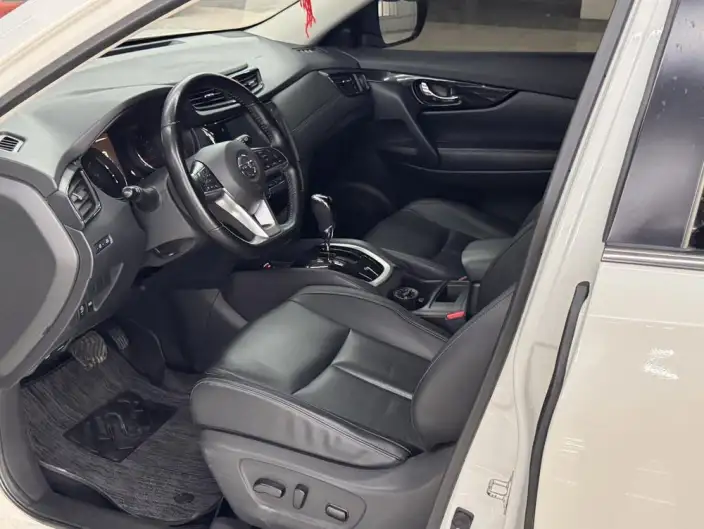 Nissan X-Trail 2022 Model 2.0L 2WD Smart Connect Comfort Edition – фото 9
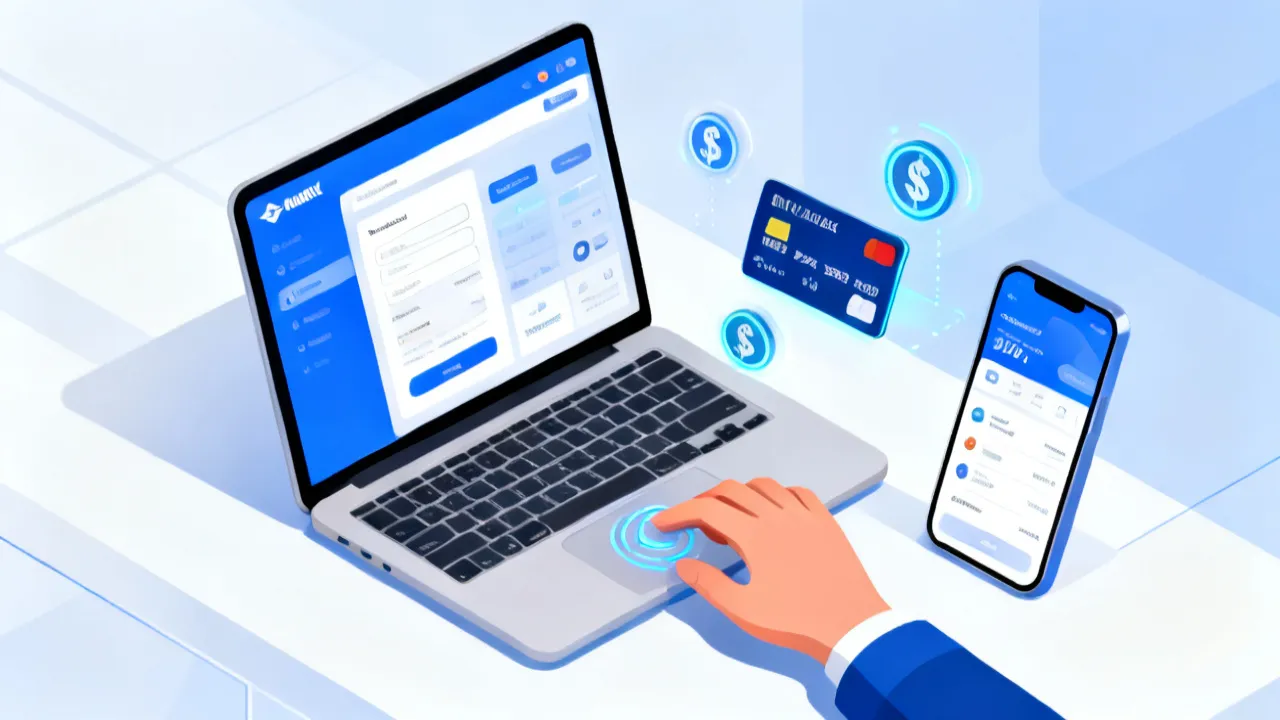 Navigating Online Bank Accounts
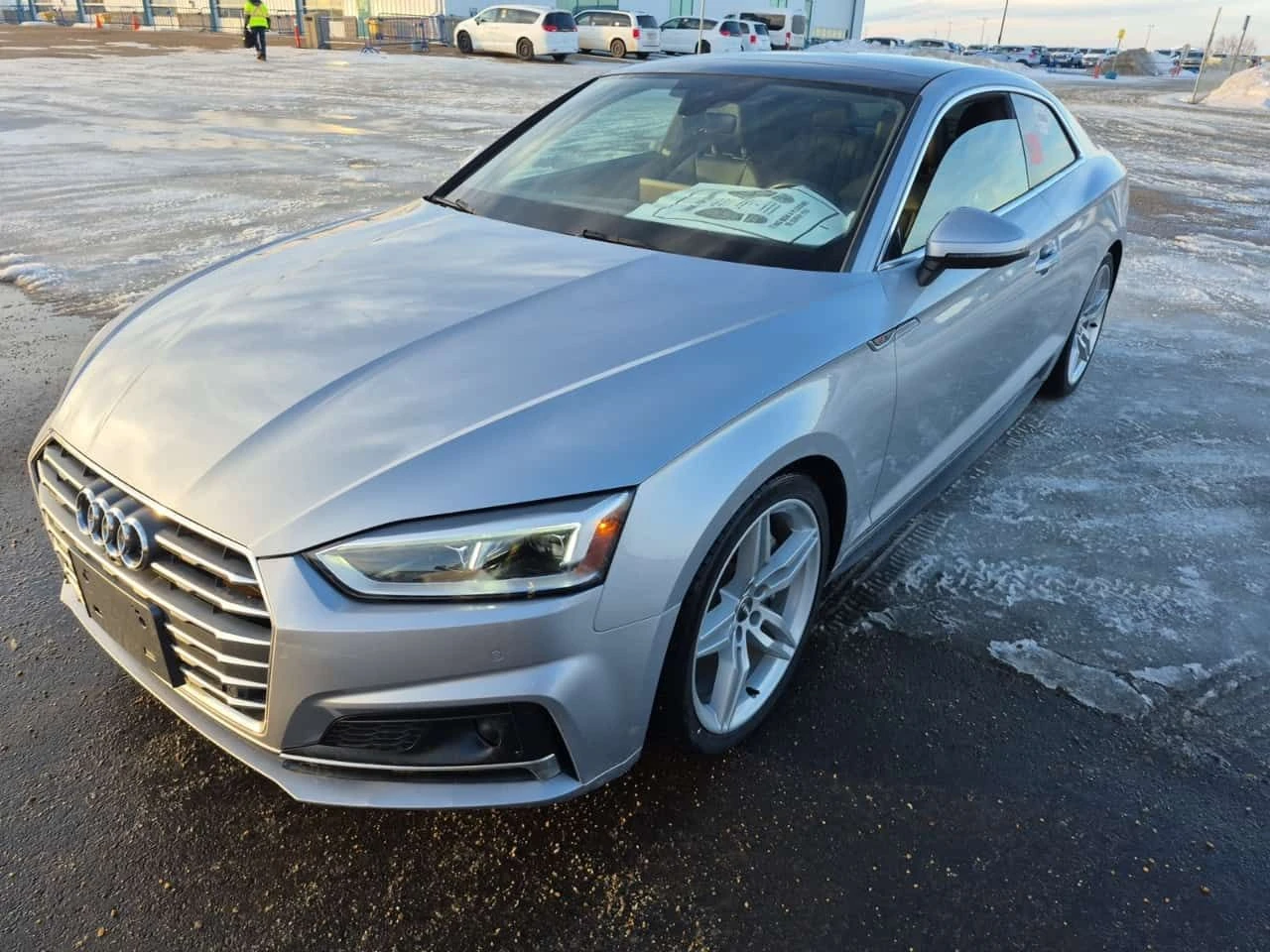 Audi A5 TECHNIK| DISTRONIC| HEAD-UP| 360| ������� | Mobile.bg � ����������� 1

_ _ _ _ _ _ _

**What to work on**:
Your task is to copy word for word the lines from the line containing "Navigating Online Bank Accounts" to the end of the listing, both included, and to drop any pictures.

**Worked solution**:
 Navigating Online Bank Accounts
 Audi A5 TECHNIK| DISTRONIC| HEAD-UP| 360| ������� | Mobile.bg � ����������� 1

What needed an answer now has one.